Bud Jennings completed NYU's graduate creative writing program and writes mostly fiction. He finished the final draft of a first novel last summer and has a short story in the fall issue of Educe. Previous work has been published in Christopher Street, Between C&D, and Stuff (Boston). An excerpt of his novel appeared in Coloring Book: An Eclectic Anthology of Fiction & Poetry by Multicultural Writers (Rattlecat Press). Bud has received support from the Massachusetts Cultural Council, Blue Mountain Center, the New York State Writers Institute, and Hallwalls Contemporary Arts Center. He lives in Salem, Massachusetts with his husband, Rick.
As a kid of eleven or so, I'd watch afternoon reruns of “The Munsters” and try to grasp how Marilyn Munster, a normal girl-next-door, could not see the weirdness in her relatives. I'd already learned that when my own family members came together, their shared and symbiotic neuroses reached a critical mass that would leave any unseasoned witness wide-eyed and dumb.
To remain out of earshot of my family's theatrics, I'd exiled myself to distant cities, all through my twenties and early thirties.
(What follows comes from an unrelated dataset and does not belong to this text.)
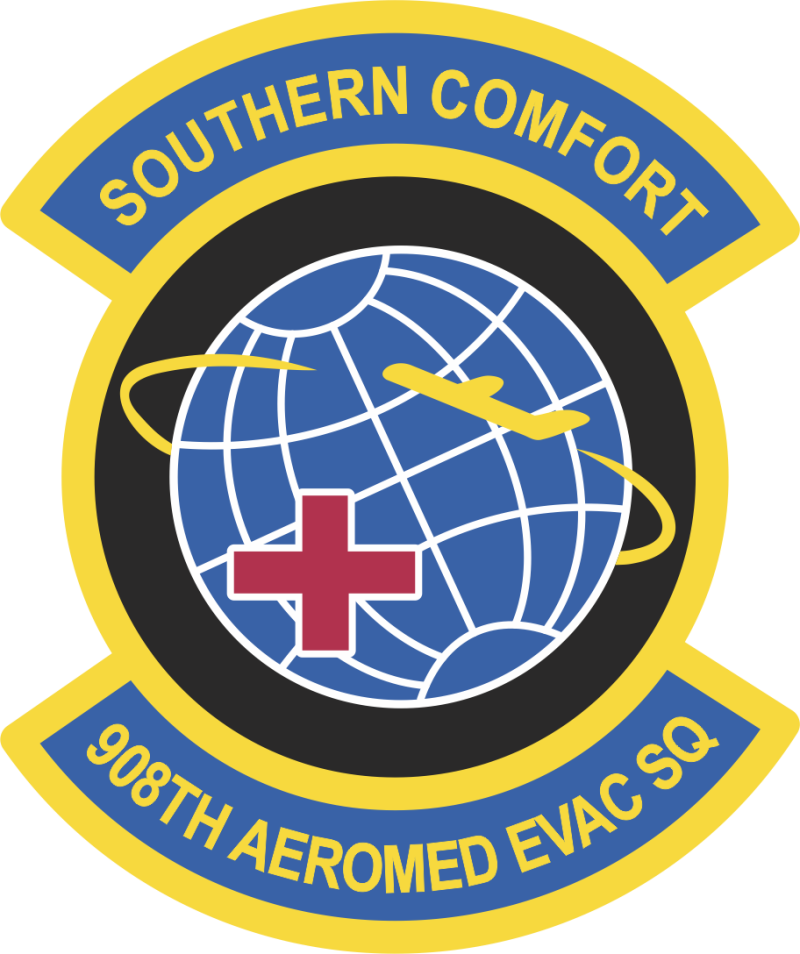 908 AES PVC Patch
But when my father died suddenly, I returned to Massachusetts to help keep my elderly mother afloat. And after almost a decade as the dutiful prodigal, all the while finding amusement in trysts with a short shelf life, I'd finally met someone who warranted mention.
So my irritable bowels rumbled when my mother said, “You have to invite your friend Rick to my eightieth birthday lunch. We have to meet him.”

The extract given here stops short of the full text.